The idea of a Northern Renaissance has been doubted, but this reviewer says, Yes!

“Reader, if you encounter one of these naysayers anywhere near Buckingham Palace, grab them by the ear, yank them to the Queen’s Gallery and instruct them to open their eyes. Anyone who cannot spot the presence here of a distinct aesthetic needs to sit their GSCE in art all over again.”

The exhibition covers Durer to Holbein, and raises the issue of a north-south divide in Europe, with a contrast in themes and sensibilities between protestant and catholic.

Januszczack reckons the really interesting question is: what came first, the tone or the religion? He goes too far by saying this is a difference in genetics, and has a laugh in awarding Durer’s illustration of the Book of Revelation, “some sort of Oscar for horribleness”.

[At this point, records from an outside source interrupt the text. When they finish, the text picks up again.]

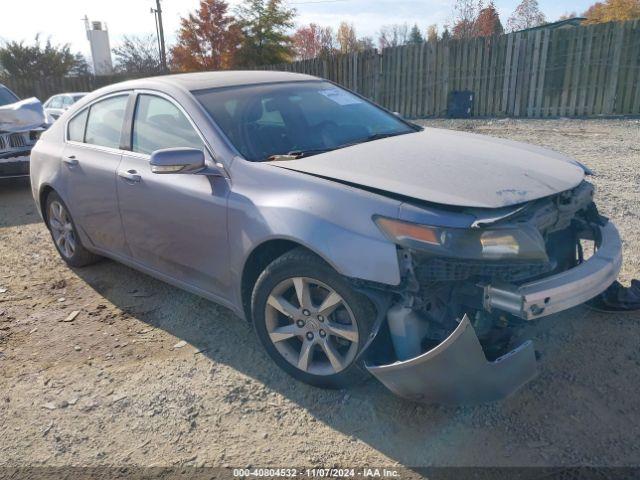  Salvage Acura TL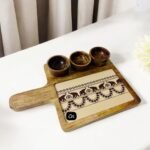 Earl Decor Bowl set of 3 - Image 2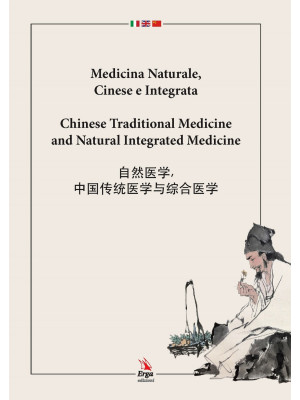 Medicina naturale, cinese e...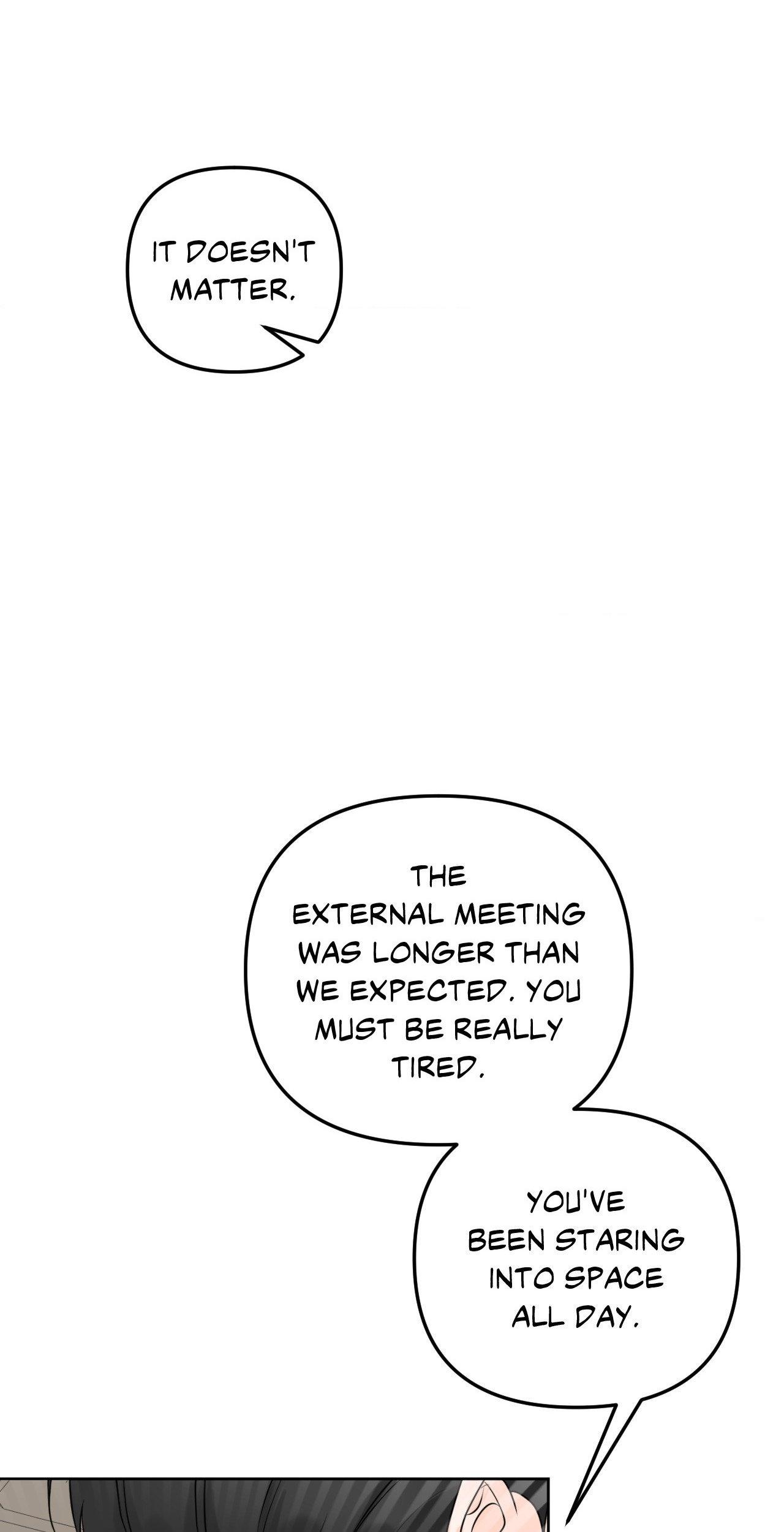 The Boundary of Fragrance Chapter 25 - Page 50 in English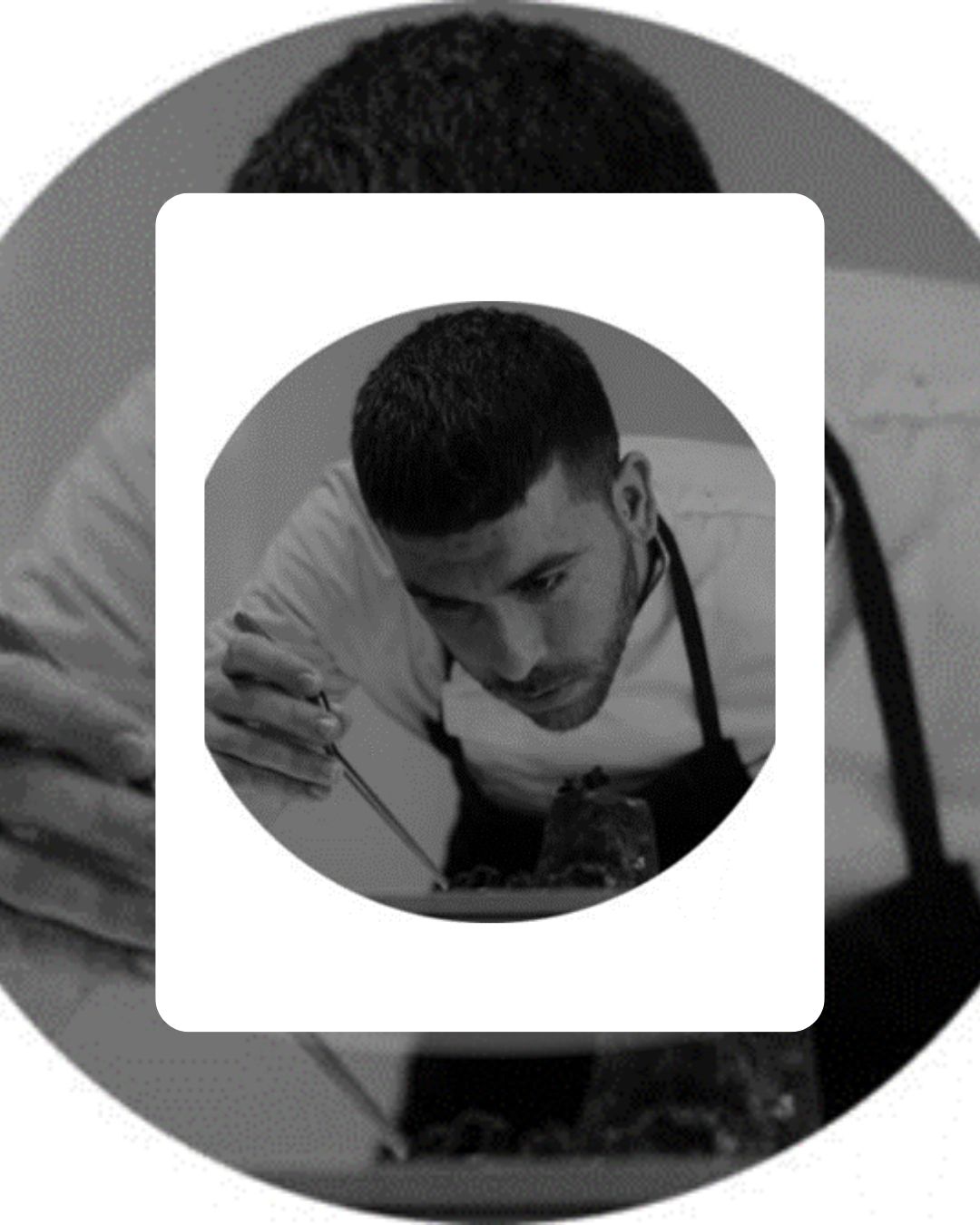 Chef ejecutivo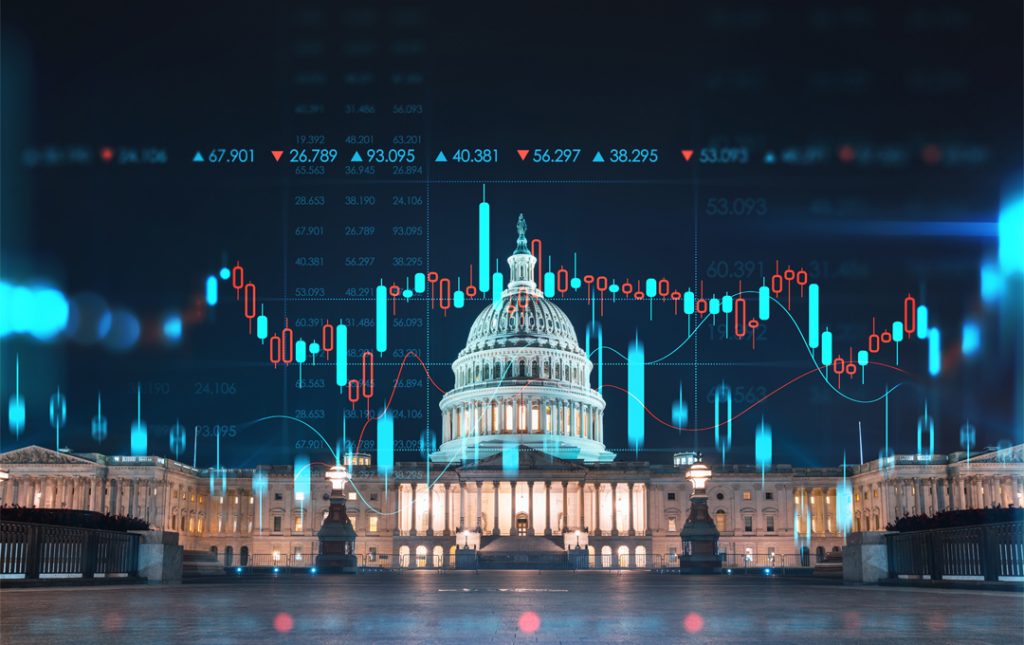 Shutdown Breakthrough Triggers Dollar Sell-Off. What Are the Key Levels to Watch?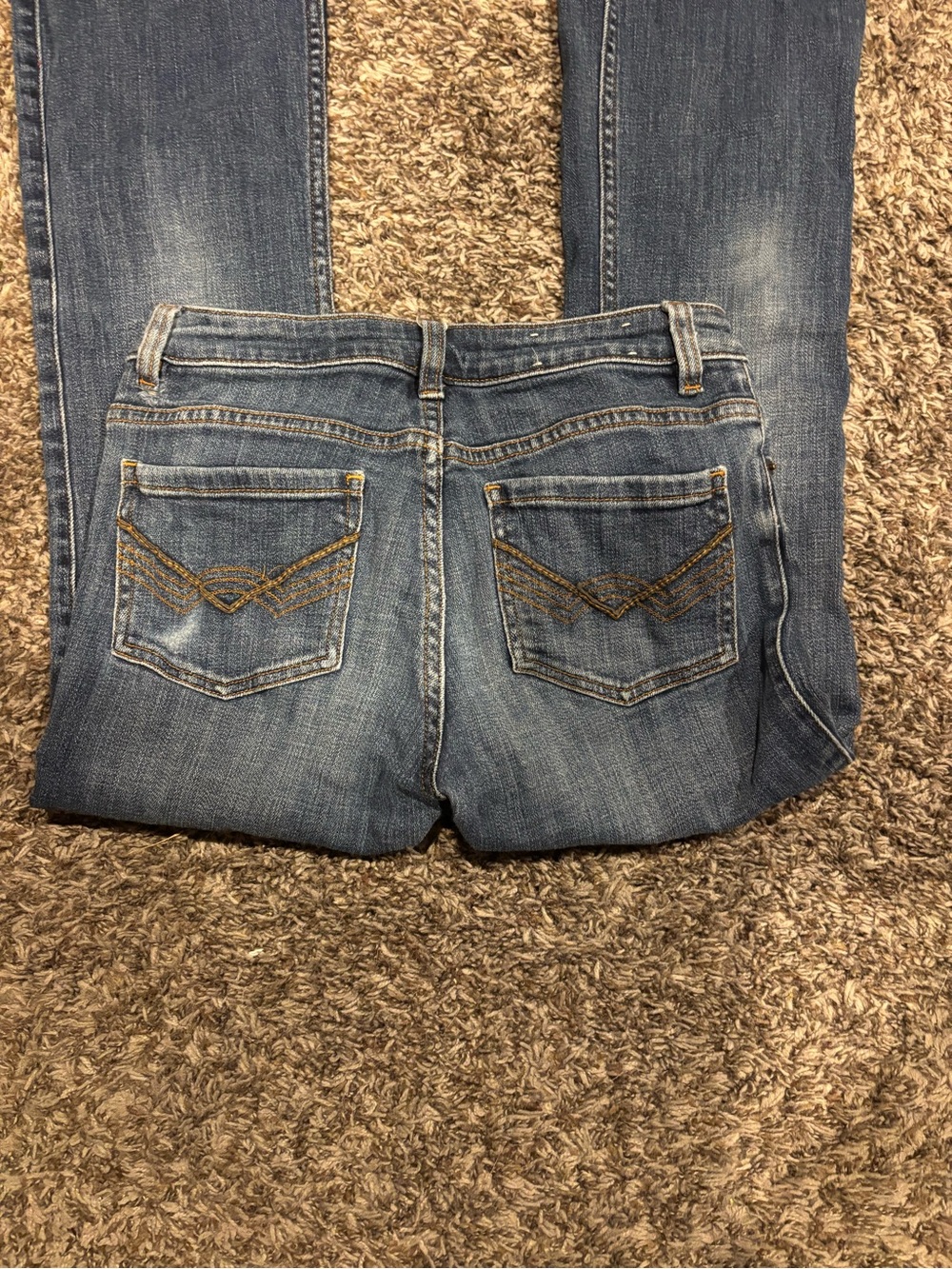 Women’s Idyllwind Bootcut Jeans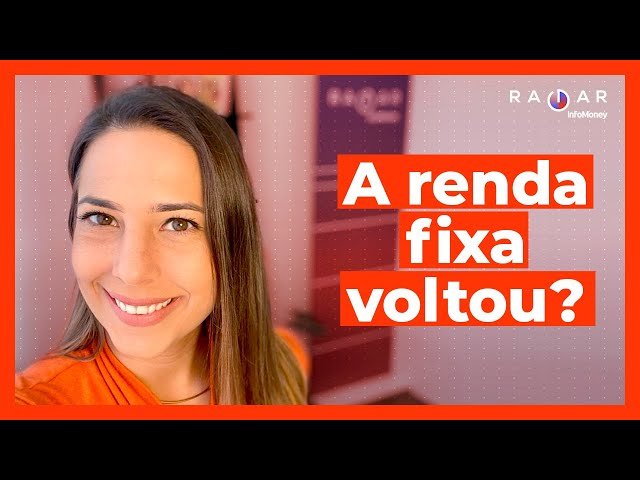 Ata do Copom sinaliza Selic maior. Renda fixa volta a superar a Bolsa? Sócio do Opportunity analisa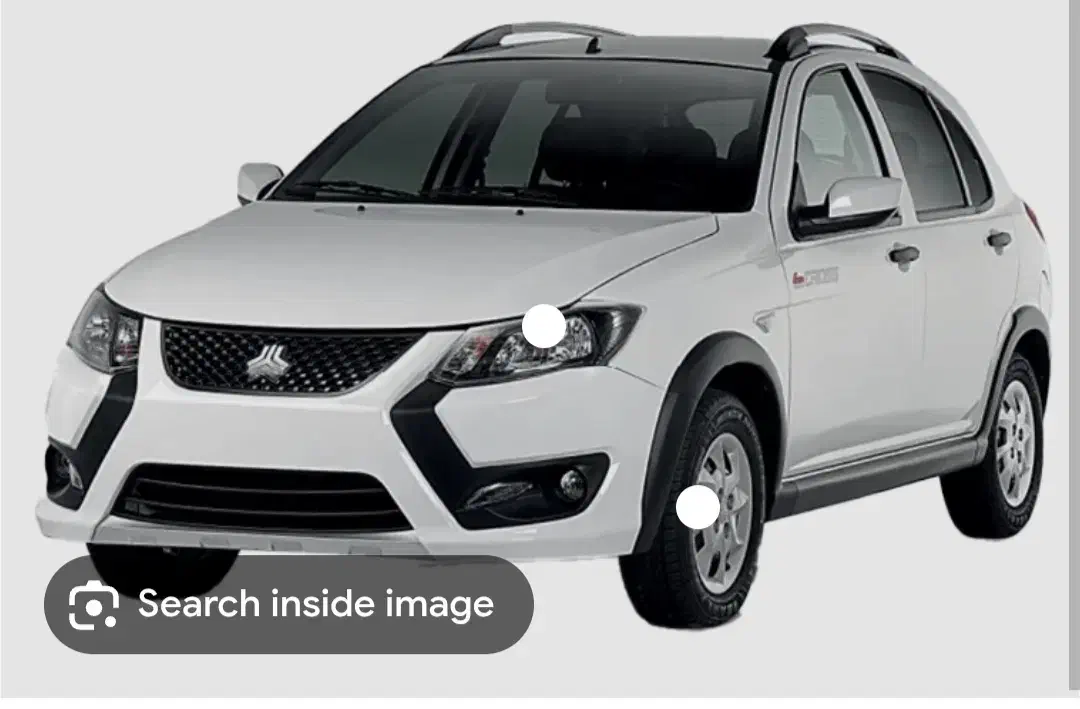 حواله کوییک|خودرو سواری و وانت|تاکستان, |دیوار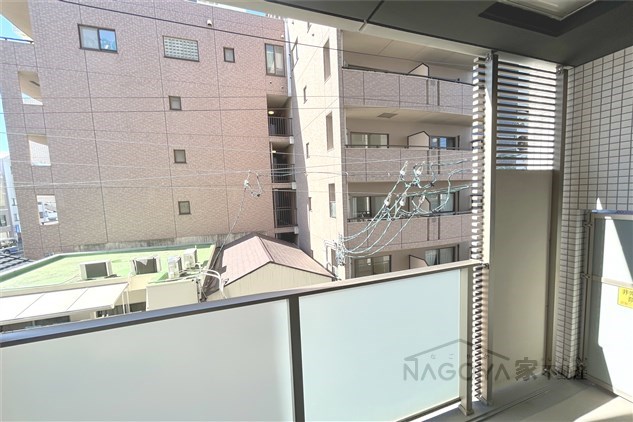 プロシード太閤通 その他4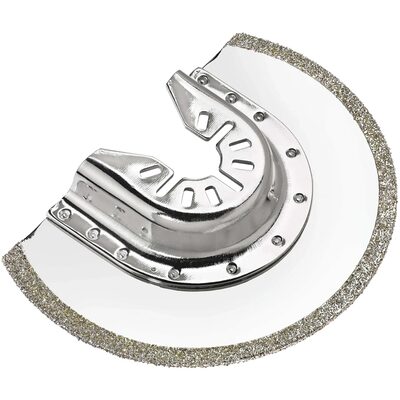DEWALT Oscillating Carbide Grout Removal Blade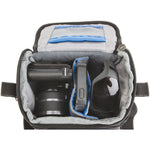 Think Tank Photo Mirrorless Mover 10 Camera Bag Blue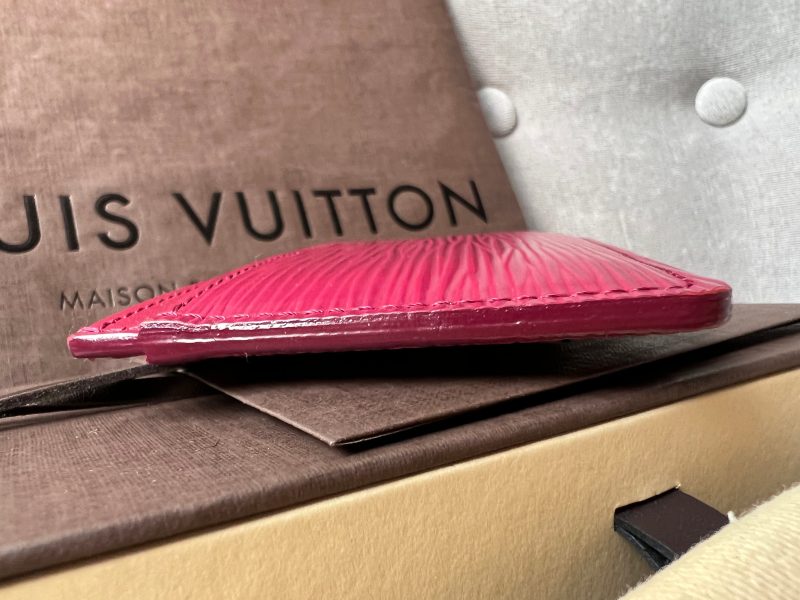 Louis Vuitton Card Holder Recto Verso Monogram - Image 9
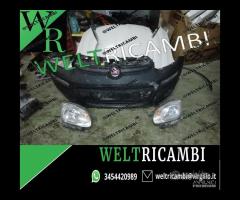 RICAMBI FIAT PANDA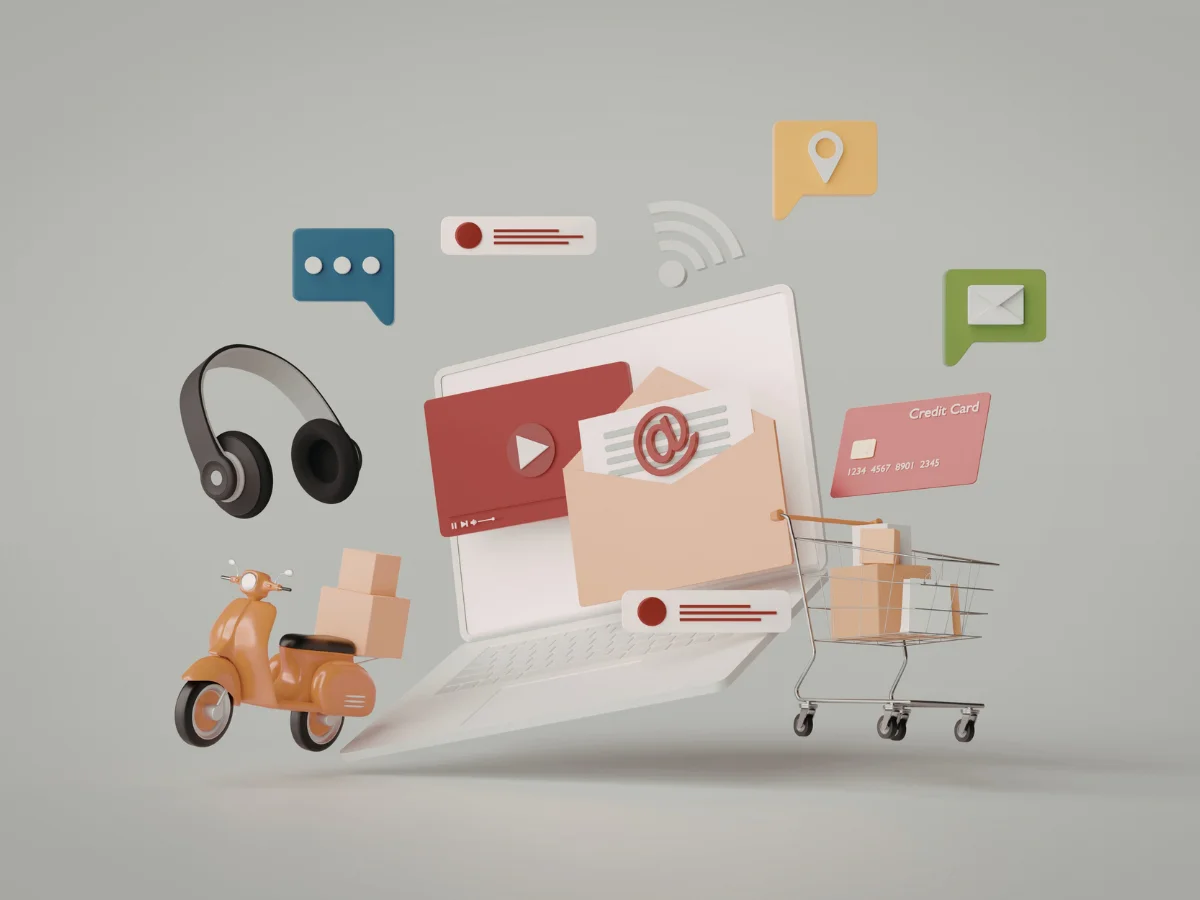 Como abrir uma lojinha online em 5 passos rápidos
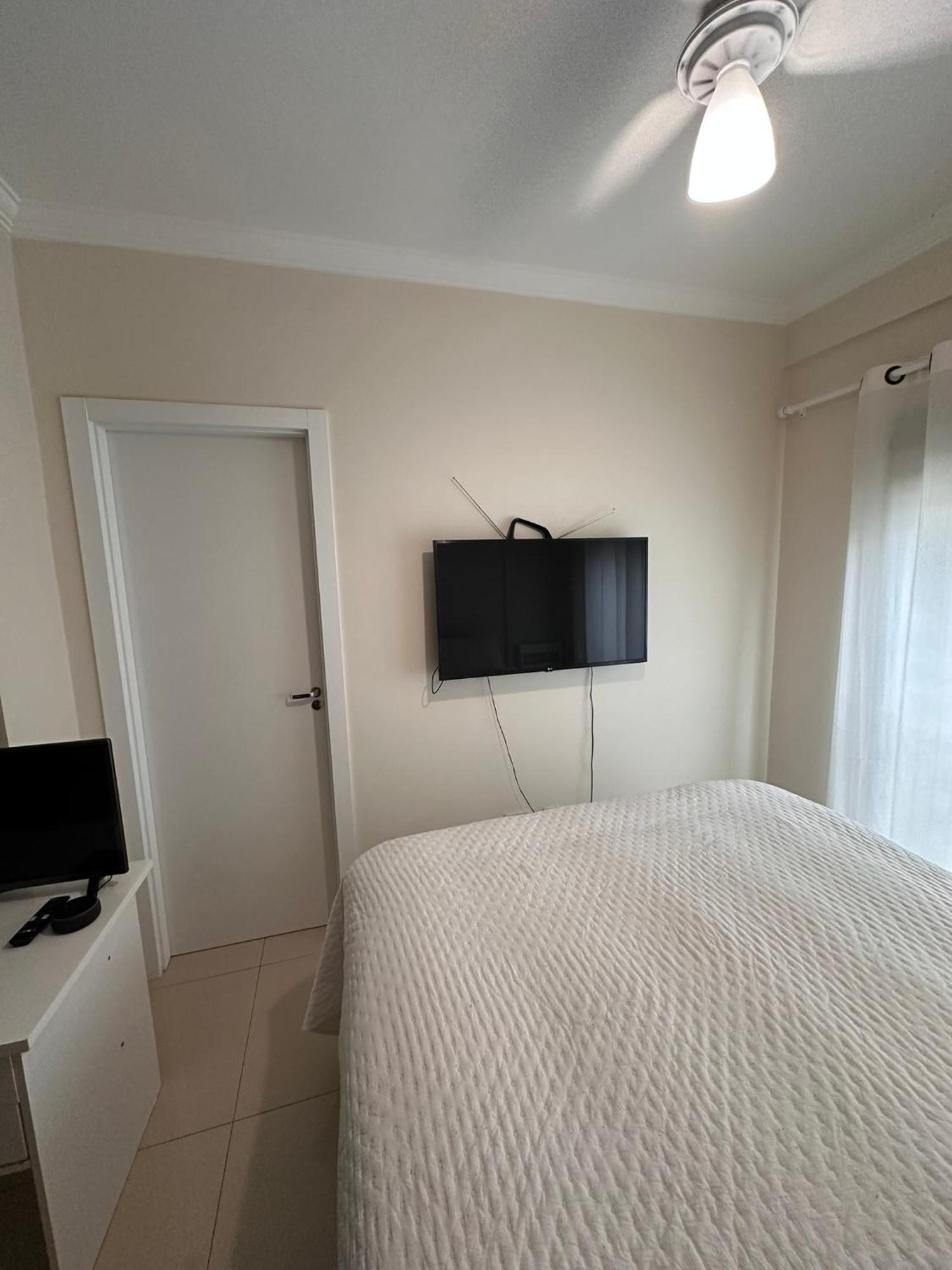 Hostel Ape Do Cris Флоріанополіс Екстер'єр фото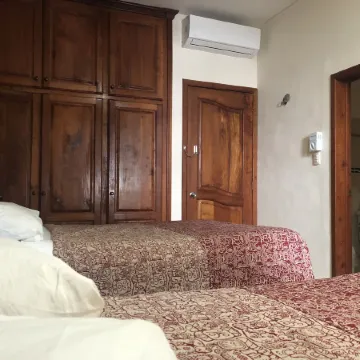 Casa Velero Puerto Morelos
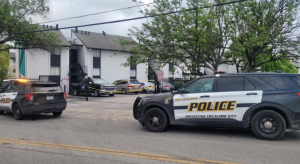 Palatia Apartment Homes Shooting in San Antonio, TX Fatally Injures One Man.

The Tudor connection, of course, is Hans Holbein the younger – the review marvels at his realism:

“Great indeed was the day when Henry VIII made Holbein his court artist. Totally convincing faces. Totally convincing textures. Real pyschological presences. No half-timbered stiffness. No stubborn medievalism. It’s as if the entire Tudor age has been put on pause, while another age, playing at another speed, has started up in the same time span. What a contrast. What a mismatch.”

The conclusion is that Henry VIII did more for British art than any other monarch. For the Tudor age I agree (forgiving the British anachronism), but Holbein’s art was so much more sophisticated than what followed: the mismatch continued far too long. If the idea of the Northern Renaissance is good, why does the rest of the Tudor century pale in comparison to this great artist?

The collection at the Queen’s Gallery is not just about painting. Here’s a bronze sculpture by the Dutch Adriaen de Vries, made in about 1600:

[Click here to play with the image. Commentary on the sculpture (and the helpful stalk between the legs) here.]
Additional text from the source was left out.